(Captioned web images)
##############################
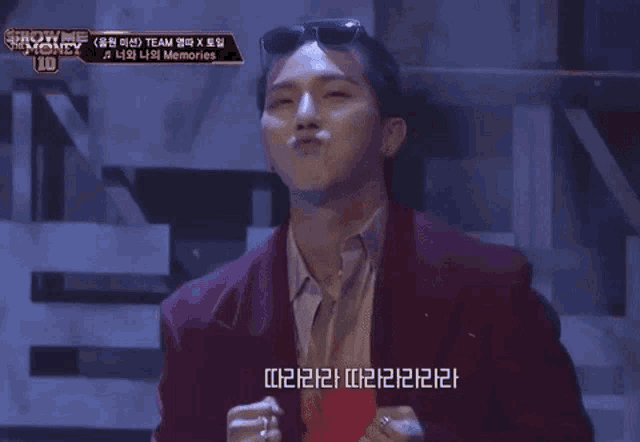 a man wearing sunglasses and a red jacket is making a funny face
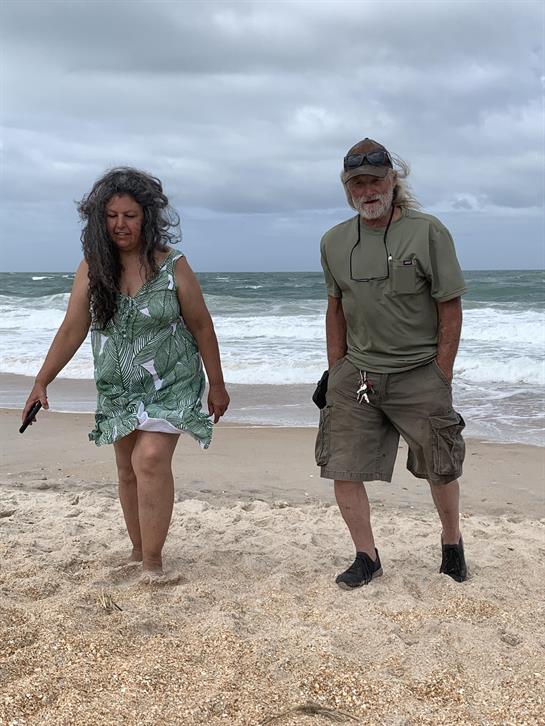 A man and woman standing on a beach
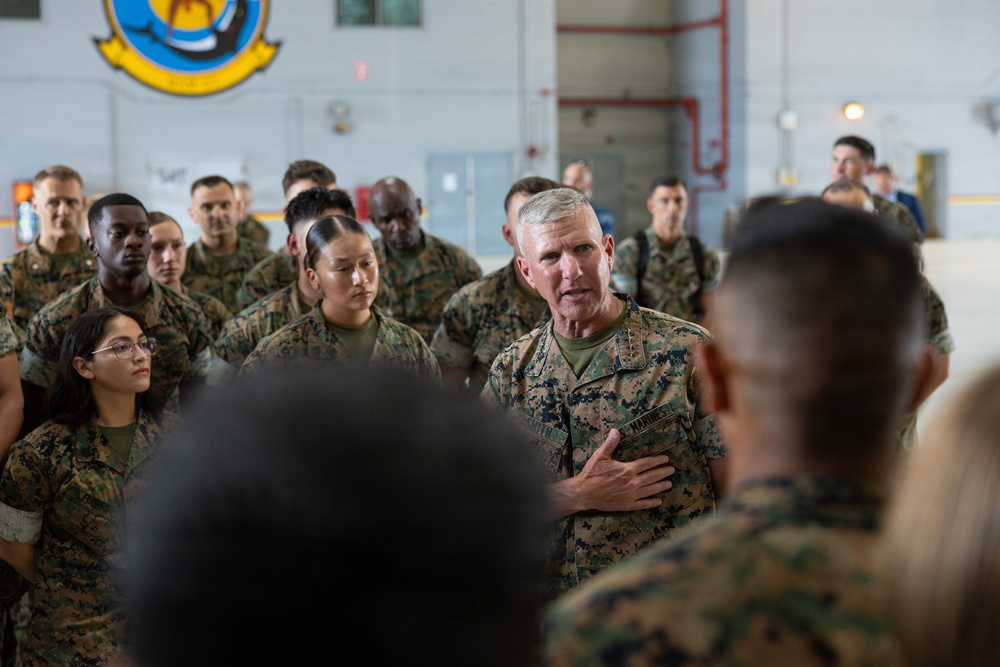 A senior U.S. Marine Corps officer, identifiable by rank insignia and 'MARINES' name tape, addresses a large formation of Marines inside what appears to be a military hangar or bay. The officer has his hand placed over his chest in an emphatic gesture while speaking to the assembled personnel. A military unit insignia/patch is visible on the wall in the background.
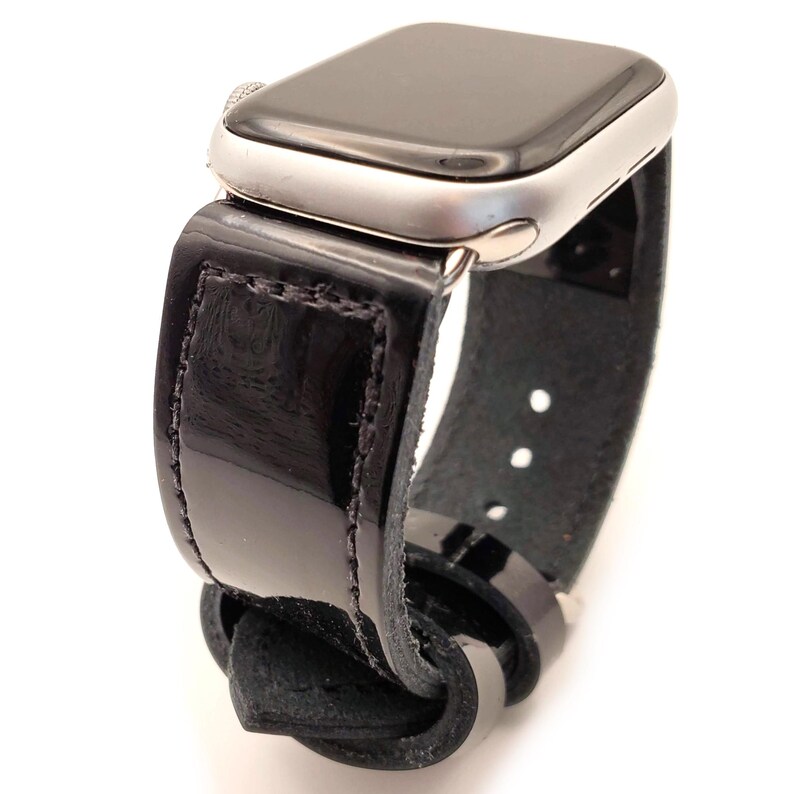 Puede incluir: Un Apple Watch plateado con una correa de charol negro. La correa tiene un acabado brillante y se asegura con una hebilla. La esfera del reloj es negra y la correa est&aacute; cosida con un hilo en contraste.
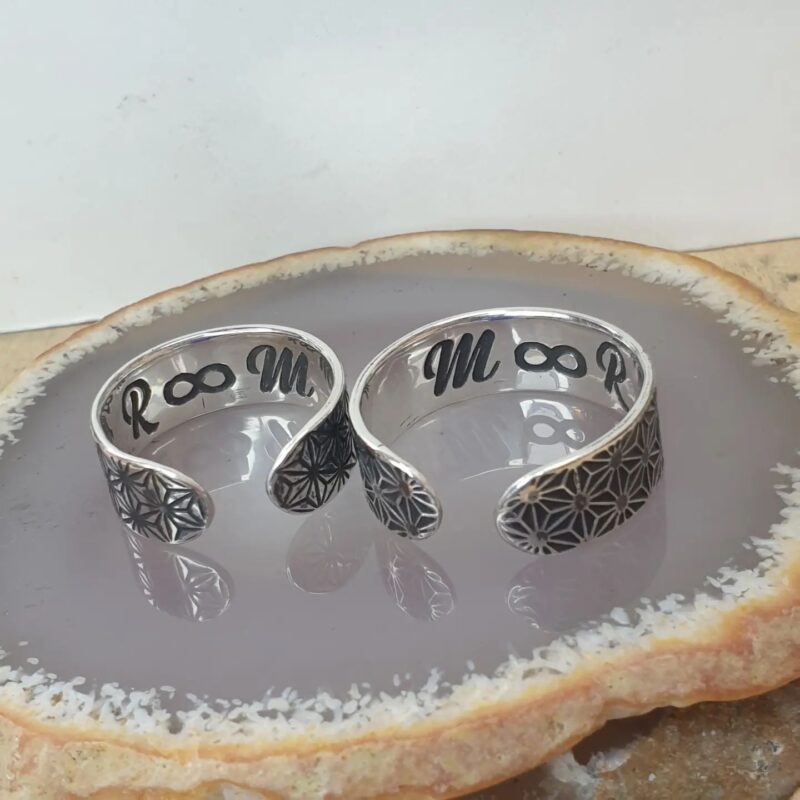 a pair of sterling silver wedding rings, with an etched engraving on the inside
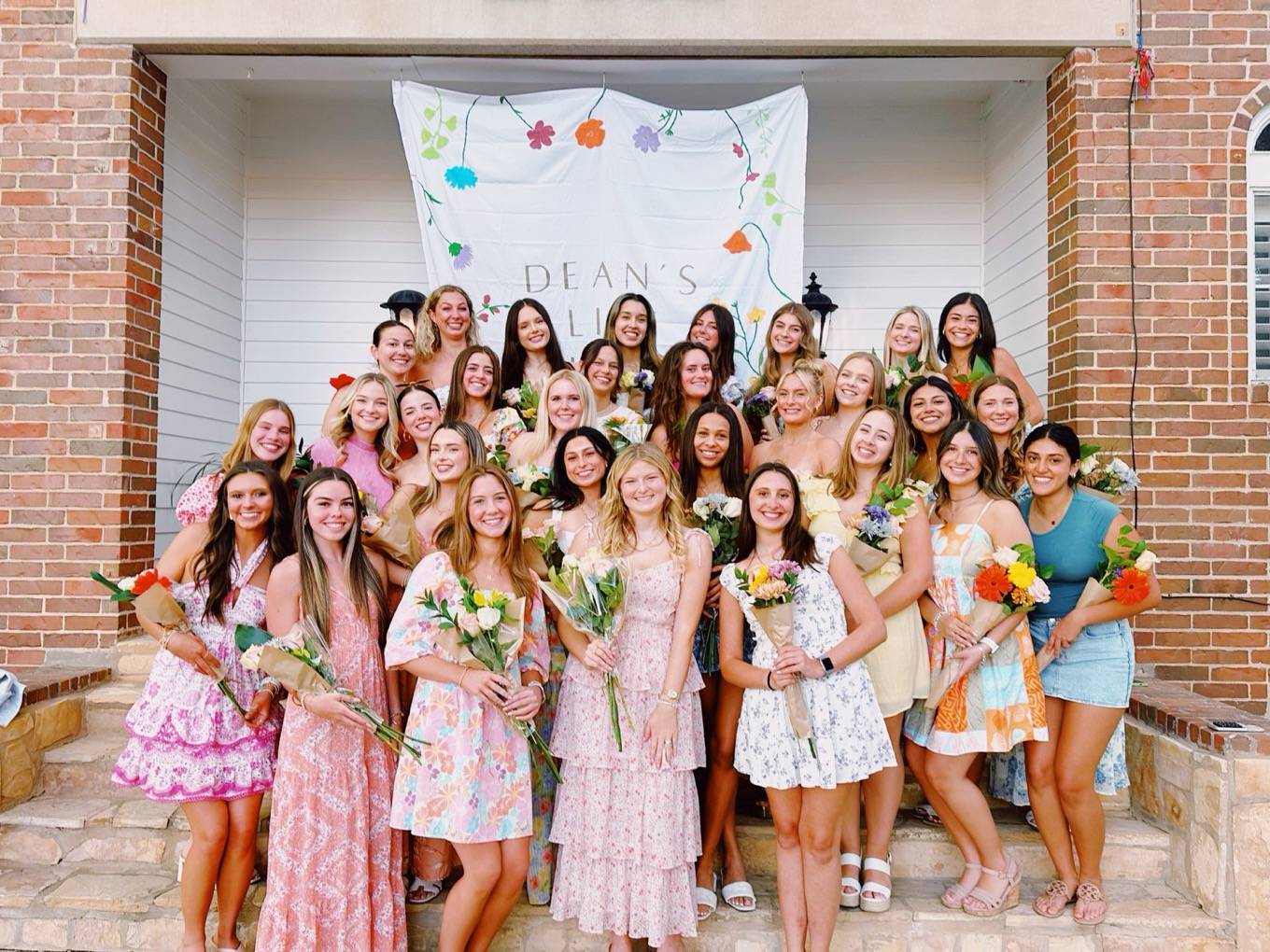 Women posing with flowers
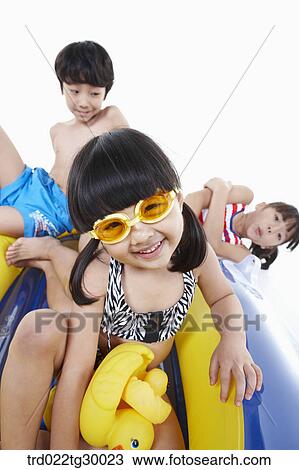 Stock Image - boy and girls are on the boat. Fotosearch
##############################
• How to complete this task: Hand back the records above exactly as they are, pictures excluded.

• Task response:
 a man wearing sunglasses and a red jacket is making a funny face
 A man and woman standing on a beach
 A senior U.S. Marine Corps officer, identifiable by rank insignia and 'MARINES' name tape, addresses a large formation of Marines inside what appears to be a military hangar or bay. The officer has his hand placed over his chest in an emphatic gesture while speaking to the assembled personnel. A military unit insignia/patch is visible on the wall in the background.
 Puede incluir: Un Apple Watch plateado con una correa de charol negro. La correa tiene un acabado brillante y se asegura con una hebilla. La esfera del reloj es negra y la correa est&aacute; cosida con un hilo en contraste.
 a pair of sterling silver wedding rings, with an etched engraving on the inside
 Women posing with flowers
 Stock Image - boy and girls are on the boat. Fotosearch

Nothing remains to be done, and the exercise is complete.